== Segment start ==

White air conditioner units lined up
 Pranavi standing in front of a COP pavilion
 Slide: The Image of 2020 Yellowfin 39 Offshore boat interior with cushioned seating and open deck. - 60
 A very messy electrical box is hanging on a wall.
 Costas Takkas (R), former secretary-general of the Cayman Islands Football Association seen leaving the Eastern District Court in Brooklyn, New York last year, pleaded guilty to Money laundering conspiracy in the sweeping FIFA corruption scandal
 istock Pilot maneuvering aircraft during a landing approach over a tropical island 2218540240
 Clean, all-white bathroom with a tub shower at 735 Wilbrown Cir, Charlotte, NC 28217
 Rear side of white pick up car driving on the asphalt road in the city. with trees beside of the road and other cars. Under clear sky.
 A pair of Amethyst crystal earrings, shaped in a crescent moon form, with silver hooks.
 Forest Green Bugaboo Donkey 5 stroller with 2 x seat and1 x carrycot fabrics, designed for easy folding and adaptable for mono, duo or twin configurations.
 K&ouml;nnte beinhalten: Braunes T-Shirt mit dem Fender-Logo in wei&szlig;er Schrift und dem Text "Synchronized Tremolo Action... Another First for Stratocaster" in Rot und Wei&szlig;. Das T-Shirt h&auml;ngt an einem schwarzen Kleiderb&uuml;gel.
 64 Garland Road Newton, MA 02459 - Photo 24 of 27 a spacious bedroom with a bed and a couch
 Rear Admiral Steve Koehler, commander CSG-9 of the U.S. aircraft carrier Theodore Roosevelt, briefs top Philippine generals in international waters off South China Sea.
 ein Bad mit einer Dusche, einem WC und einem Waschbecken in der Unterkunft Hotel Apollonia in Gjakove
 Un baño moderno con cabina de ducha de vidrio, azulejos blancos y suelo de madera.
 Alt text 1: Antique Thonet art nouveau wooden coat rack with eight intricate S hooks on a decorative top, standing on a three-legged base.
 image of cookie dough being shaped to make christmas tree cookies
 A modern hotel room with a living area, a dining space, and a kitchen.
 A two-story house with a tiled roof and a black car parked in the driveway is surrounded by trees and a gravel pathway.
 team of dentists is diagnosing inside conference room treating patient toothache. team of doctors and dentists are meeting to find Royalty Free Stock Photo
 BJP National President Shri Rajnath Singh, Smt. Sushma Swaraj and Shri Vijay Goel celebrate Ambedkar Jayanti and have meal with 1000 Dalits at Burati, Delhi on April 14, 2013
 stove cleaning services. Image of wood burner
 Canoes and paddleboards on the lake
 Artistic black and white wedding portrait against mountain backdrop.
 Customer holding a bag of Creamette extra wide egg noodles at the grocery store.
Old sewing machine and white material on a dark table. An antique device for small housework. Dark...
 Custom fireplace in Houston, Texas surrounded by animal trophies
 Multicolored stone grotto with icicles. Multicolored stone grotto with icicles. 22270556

== Segment end ==

> Prompt
Gather up, from the records above, each line where the word "Photo" appears.

> Answer space
 64 Garland Road Newton, MA 02459 - Photo 24 of 27 a spacious bedroom with a bed and a couch
 team of dentists is diagnosing inside conference room treating patient toothache. team of doctors and dentists are meeting to find Royalty Free Stock Photo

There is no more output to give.